My brother, Eric, owns a 2014 Wrangler Rubicon, and he invited us to try it out on an off-road course. I took my wife and son along. The course was full of trail runs, hill climbs and rocky creekbeds, and the Jeep plowed over and through every obstacle in our path. My wife and I agreed on the spot to buy one the following week.

Eric accompanied me to the dealership and we settled on the 75th anniversary edition of the Wrangler Unlimited. By the time I had signed all the paperwork, it was evening. When we pulled off the lot and onto the road, it appeared that our fog lights were on but the headlights were not. “No, they’re on,” Eric said. “Jeeps still come with the old bulb headlights. Most people replace them.”

Feeling suddenly apprehensive about our journey, I switched the radio on, thinking some music would calm my nerves. But I could barely read the screen, and the sound from the factory speakers was weak and tinny. “Yeah, they don’t put good radios in these,” Eric said. “Most people replace them.”

That’s when I began to realize that you don’t buy a Wrangler; you build it. By the time I got home, I had decided to add trail lights and upgrade the factory headlights, stereo and stabilizer bar. I found everything online, including a switch panel for the lights.

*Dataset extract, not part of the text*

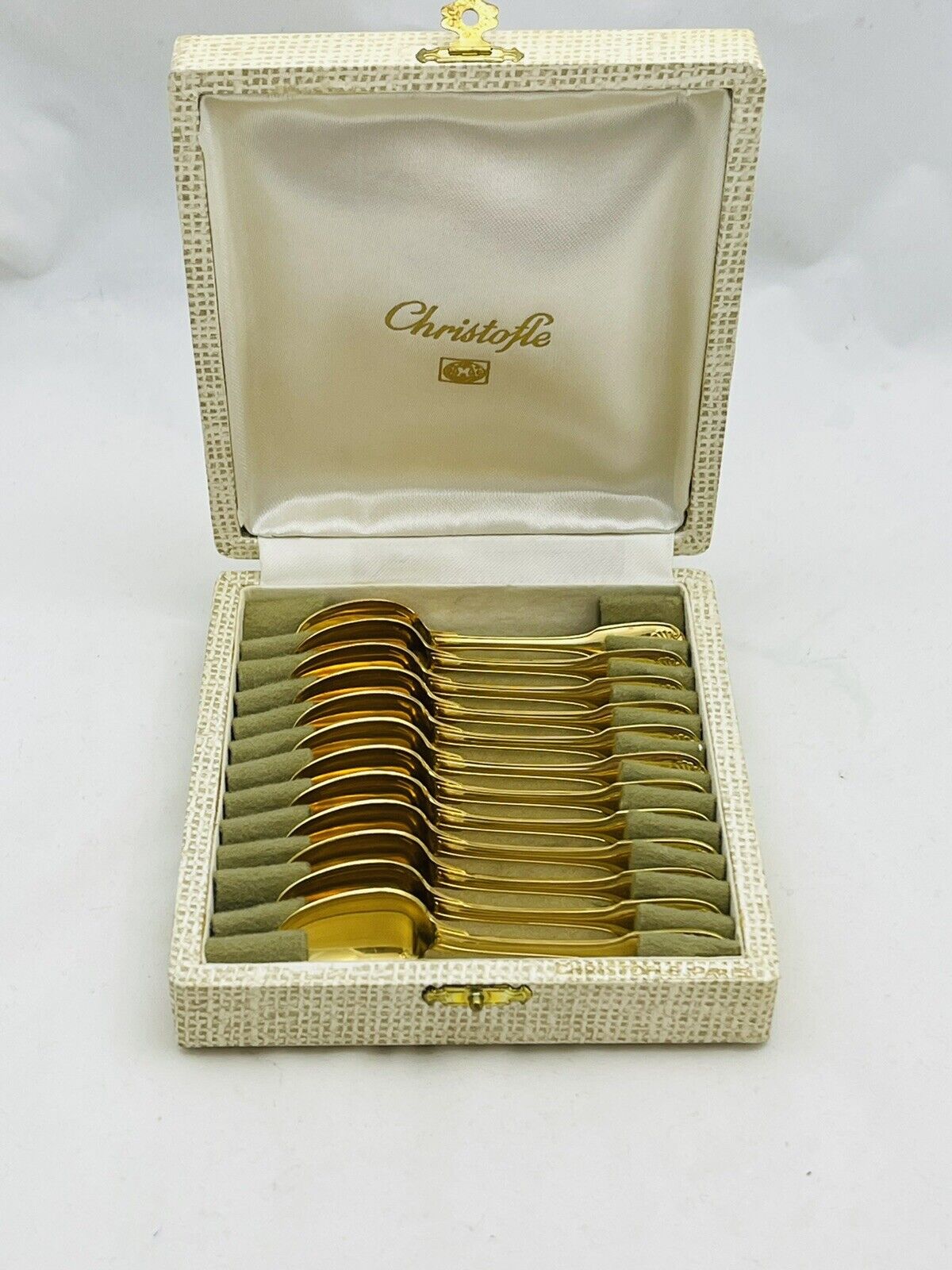 Authentic Set Of 12 Christofle France Silverplate Spoons with Gold Wash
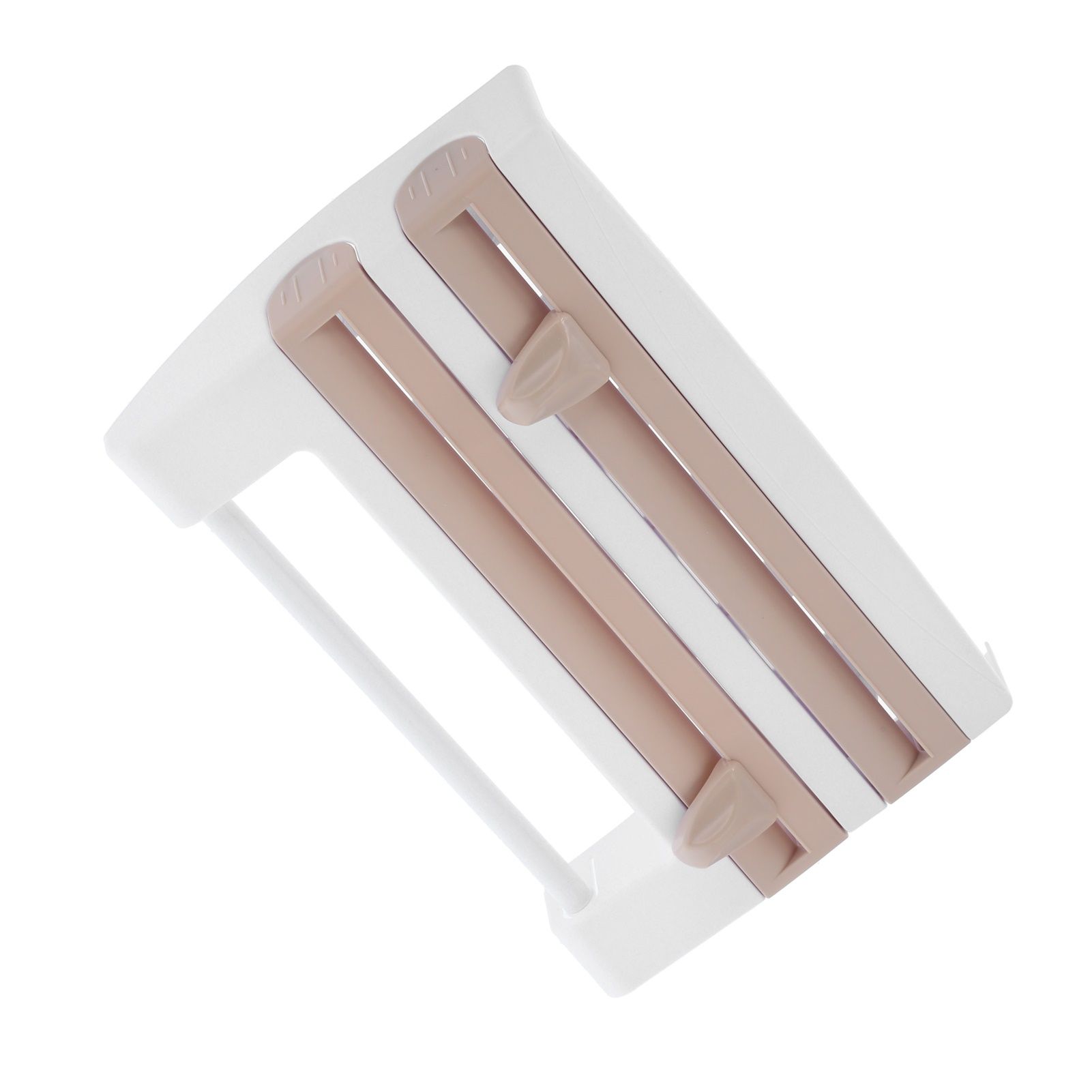 Plastic Wrap Storage Rack Cling Film Dispenser Cutter Paper Towel Holder view 8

I had a few questions about the panel, so I sent an email to the supplier’s customer support team. To my surprise, I quickly received a reply — from the CEO! I learned that he, like any number of Jeep accessory producers, started as an enthusiast and wound up capitalizing on an invention he built for his own vehicle. I relayed my surprise that he answered my email, and he said he is automatically cc’d on every customer service request and tries to handle as many as he can personally. And this isn’t a guy sitting in a garage with a laptop. He has 70 employees.

When our founder, Ed Bobit, was still with us, he would ask the publishers for accounts he could work on personally — advertisers, conference speakers, anything we had trouble closing. Imagine the surprise of an industry supplier or executive getting a personal phone call from the guy who owns the magazine. Needless to say, it was highly effective.

I don’t expect you to answer every email or phone call that comes into your dealership, but what if you or your GM took the next one? What would you learn about your customers and your processes? The entrepreneurial spirit courses through our industry. I wish you the best of success, and I hope you never lose the love and enthusiasm your business was founded upon.